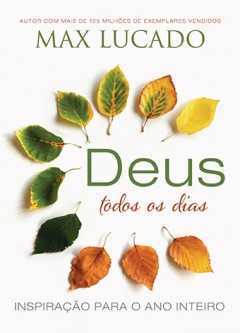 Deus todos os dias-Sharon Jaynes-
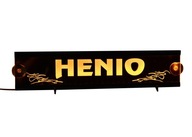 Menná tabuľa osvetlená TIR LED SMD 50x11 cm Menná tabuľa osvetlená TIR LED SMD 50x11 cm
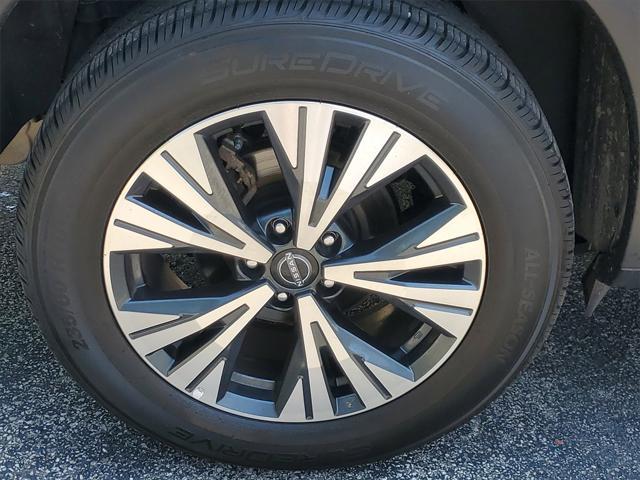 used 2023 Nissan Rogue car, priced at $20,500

◆ YOUR GOAL
Restate the data above word for word. Skip every picture.

◆ YOUR SOLUTION
 Deus todos os dias-Sharon Jaynes-
 Menná tabuľa osvetlená TIR LED SMD 50x11 cm Menná tabuľa osvetlená TIR LED SMD 50x11 cm
 used 2023 Nissan Rogue car, priced at $20,500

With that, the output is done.